**TASK DIRECTIONS:** Extract each line of the records below that contains the word "slim".

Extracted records

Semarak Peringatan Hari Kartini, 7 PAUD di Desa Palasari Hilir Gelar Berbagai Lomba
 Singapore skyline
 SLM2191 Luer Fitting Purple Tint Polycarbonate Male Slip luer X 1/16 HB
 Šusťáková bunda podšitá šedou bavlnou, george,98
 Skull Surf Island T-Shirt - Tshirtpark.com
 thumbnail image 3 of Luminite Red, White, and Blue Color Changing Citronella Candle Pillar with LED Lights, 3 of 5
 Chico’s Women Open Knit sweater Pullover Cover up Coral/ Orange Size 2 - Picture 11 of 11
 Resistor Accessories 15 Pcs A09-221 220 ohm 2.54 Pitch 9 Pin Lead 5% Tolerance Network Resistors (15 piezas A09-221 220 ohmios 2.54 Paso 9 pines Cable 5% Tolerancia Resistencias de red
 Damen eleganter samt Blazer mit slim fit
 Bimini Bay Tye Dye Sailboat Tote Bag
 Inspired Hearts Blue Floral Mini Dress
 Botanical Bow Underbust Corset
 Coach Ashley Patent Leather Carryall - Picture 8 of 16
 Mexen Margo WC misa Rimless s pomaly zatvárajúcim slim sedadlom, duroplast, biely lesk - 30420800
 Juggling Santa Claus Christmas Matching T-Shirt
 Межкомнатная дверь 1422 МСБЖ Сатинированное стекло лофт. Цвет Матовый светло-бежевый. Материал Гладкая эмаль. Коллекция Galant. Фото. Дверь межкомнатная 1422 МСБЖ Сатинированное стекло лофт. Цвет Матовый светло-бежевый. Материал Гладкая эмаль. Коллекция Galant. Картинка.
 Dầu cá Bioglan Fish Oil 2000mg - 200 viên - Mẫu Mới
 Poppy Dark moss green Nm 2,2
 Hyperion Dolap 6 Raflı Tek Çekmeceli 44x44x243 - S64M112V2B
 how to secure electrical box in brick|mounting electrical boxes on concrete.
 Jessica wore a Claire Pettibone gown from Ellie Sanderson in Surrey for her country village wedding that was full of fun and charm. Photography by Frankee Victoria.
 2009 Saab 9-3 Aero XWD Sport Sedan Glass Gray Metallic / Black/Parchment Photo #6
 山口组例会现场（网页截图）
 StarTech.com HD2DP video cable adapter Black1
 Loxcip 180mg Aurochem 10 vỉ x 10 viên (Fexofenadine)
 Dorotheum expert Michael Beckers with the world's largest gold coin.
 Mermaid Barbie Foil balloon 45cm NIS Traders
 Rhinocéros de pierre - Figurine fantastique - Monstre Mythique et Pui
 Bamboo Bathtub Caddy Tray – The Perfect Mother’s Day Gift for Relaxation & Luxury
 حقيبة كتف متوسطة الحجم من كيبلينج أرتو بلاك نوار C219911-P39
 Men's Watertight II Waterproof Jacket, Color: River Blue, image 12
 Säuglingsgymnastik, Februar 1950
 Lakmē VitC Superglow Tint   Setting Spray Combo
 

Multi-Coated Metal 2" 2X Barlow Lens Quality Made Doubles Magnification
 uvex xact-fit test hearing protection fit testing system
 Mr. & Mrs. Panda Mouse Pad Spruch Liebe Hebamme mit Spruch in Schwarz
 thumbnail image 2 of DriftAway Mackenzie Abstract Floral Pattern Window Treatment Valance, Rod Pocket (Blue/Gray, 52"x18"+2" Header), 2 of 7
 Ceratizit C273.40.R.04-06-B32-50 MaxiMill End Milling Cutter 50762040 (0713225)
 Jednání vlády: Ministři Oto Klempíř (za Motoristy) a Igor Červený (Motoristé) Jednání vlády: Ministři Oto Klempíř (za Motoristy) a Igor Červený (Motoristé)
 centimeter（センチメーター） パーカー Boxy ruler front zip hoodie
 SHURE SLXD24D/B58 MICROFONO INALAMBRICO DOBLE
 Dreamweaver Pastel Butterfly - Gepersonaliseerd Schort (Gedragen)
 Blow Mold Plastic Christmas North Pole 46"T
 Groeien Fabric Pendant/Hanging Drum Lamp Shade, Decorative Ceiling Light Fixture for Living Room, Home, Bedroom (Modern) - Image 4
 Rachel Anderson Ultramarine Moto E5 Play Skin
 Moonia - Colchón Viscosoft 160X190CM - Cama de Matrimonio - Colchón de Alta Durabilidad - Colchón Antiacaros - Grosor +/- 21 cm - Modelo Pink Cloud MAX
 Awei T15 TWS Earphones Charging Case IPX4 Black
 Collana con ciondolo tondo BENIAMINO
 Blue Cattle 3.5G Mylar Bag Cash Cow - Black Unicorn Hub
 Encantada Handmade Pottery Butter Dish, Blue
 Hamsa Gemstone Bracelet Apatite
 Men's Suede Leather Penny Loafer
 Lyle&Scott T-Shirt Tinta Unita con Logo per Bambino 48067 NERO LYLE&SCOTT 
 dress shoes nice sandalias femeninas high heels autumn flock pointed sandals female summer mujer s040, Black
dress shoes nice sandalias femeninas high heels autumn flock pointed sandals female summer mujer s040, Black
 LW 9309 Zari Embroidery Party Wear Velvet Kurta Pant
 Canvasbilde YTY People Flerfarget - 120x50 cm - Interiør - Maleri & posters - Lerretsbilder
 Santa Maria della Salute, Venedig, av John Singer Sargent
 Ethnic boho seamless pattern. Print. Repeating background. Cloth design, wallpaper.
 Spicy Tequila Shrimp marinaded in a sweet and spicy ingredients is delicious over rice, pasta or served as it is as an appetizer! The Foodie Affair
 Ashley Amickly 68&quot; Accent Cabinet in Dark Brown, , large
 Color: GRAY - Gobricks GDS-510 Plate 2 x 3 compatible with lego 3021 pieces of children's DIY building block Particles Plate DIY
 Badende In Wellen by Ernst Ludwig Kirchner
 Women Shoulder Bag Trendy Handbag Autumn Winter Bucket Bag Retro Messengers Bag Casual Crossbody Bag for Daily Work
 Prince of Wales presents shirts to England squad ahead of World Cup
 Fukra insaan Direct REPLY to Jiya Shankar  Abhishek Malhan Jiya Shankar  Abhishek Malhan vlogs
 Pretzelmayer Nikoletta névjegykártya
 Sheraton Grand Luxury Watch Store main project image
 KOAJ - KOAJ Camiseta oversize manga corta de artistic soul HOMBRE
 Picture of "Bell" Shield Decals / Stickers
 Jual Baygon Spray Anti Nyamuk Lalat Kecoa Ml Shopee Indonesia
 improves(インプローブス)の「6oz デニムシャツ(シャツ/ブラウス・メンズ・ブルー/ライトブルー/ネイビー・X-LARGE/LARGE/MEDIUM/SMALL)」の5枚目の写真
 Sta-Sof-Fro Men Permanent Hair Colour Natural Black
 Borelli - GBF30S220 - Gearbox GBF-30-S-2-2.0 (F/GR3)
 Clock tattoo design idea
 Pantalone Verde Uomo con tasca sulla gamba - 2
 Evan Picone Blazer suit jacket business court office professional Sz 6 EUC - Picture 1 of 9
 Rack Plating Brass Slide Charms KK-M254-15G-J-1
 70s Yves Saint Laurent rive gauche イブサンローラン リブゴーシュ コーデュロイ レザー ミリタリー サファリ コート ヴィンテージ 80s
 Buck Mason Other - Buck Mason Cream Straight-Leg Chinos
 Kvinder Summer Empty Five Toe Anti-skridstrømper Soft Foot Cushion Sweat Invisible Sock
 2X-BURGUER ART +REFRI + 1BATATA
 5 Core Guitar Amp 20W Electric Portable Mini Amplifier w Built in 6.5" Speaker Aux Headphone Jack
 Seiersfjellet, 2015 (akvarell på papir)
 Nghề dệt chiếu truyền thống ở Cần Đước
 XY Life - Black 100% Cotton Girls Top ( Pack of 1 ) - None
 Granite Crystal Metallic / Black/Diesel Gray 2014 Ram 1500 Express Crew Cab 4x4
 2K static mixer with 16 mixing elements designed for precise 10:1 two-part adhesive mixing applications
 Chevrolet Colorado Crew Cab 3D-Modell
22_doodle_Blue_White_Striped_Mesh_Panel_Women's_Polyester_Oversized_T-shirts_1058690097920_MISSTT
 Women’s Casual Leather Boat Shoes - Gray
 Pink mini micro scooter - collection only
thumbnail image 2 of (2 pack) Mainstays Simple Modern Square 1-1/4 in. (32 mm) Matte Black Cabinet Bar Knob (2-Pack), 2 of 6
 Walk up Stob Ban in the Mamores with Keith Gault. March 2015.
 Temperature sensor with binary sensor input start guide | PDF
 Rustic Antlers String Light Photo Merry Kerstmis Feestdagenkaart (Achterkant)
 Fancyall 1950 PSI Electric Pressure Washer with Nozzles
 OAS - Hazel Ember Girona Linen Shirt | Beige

**EXPECTED ANSWER:**
 Damen eleganter samt Blazer mit slim fit
 Mexen Margo WC misa Rimless s pomaly zatvárajúcim slim sedadlom, duroplast, biely lesk - 30420800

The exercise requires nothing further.